Um de seus xodós atuais é uma casa que chama de naturalista e que ele projetou nos Jardins, com um corredor de pedras que parecem flutuar em um espelho-d’água, assoalho rústico e mobiliário eclético acumulado pela família por décadas. Isay acha que a obra ajuda a derrubar um dos rótulos que lhe colaram — o de arquiteto minimalista. Há outro, que ele igualmente odeia — o de arquiteto da moda. Acha sem cabimento que o comparem a Oscar Niemeyer, de quem está longe de ser um admirador. “Arquitetura não é escultura”, costuma dizer. Mas quem comparou os dois? O The New York Times, o mais influente jornal americano, em uma reportagem de uma página e meia sobre ele. Suas admirações profissionais são o japonês Yoshio Taniguchi, que reformou o Museu de Arte Moderna de Nova York, a italiana Lina Bo Bardi, autora do projeto do Masp, e o paulistano Marcio Kogan, com quem realizou inúmeras parcerias. Eles nunca foram sócios, mas já expuseram trabalhos com divertidas críticas urbanísticas. Um deles é um complexo viário que ligaria a Avenida 23 de Maio com ela mesma e outro é o Arco do Triunfo Viário. A dupla ainda fez cinema. Juntos, escreveram e dirigiram catorze curtas e um longa: Fogo e Paixão, de 1988, com Fernanda Montenegro e Giulia Gam no elenco.
“Isay manifesta-se em diferentes áreas com a mesma irreverência e sempre imerso em muito humor”, diz o cineasta Hector Babenco, para quem Isay planejou a casa e o escritório. Filho de um imigrante polonês que chegou ao Bom Retiro, trabalhou como mascate e conseguiu ser dono de uma indústria têxtil, Isay foi educado no Colégio Rio Branco e cursou a faculdade de Arquitetura e Urbanismo do Mackenzie.
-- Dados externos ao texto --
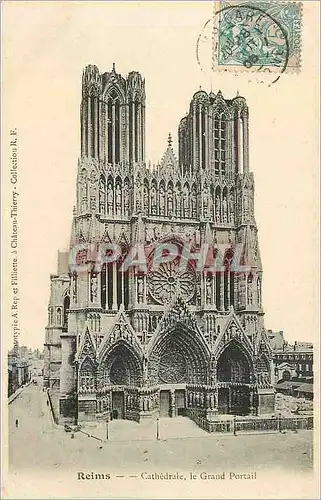 Ansichtskarte AK Reims La Cathedrale LE Grand Portail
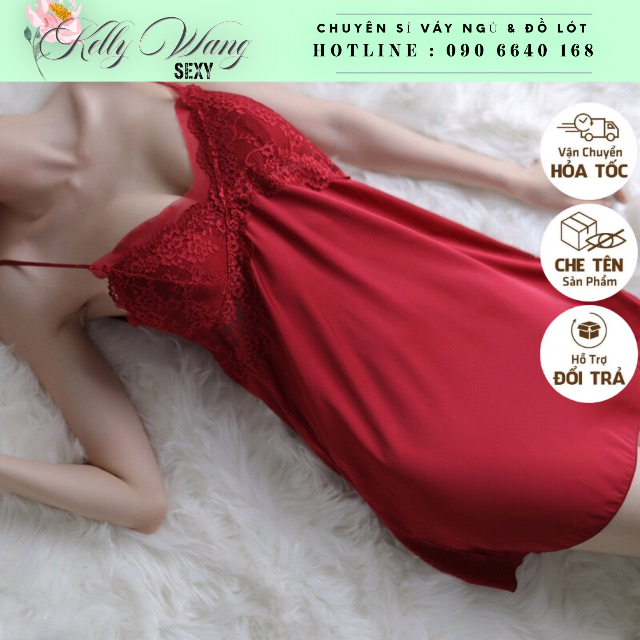 SX293  - Váy ngủ lụa hai dây sexy KELLY WANG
Separado, há 25 anos mora no mesmo apartamento, em Higienópolis, com sua filha, uma atriz de 22, para quem costuma preparar o jantar. A culinária é apenas uma de suas várias paixões. Ele se interessa por ufologia, acredita em discos voadores e faz coleção de casas de passarinhos. Uma vez por semana, encerra o expediente do escritório no meio da tarde e vai estudar música. Sabe tocar violino e está aprendendo piano. Curte música erudita moderna, o jazz cool da veterana cantora Blossom Dearie, que ele considera um João Gilberto de saias, e especialmente o rock melancólico do Radiohead. Em viagens de dois dias, foi uma vez a Nova York e outra a Londres só para ver shows de sua banda favorita. Aos 18 anos, teve o mesmo impulso. Depois de se encantar com o filme Morangos Silvestres (1957), do sueco Ingmar Bergman, pediu dinheiro ao pai e foi conhecer Estocolmo. “Tinha assistido tantas vezes que levei um susto quando cheguei lá”, lembra Isay. “Achei que o país, como a fita, fosse em preto-e-branco.”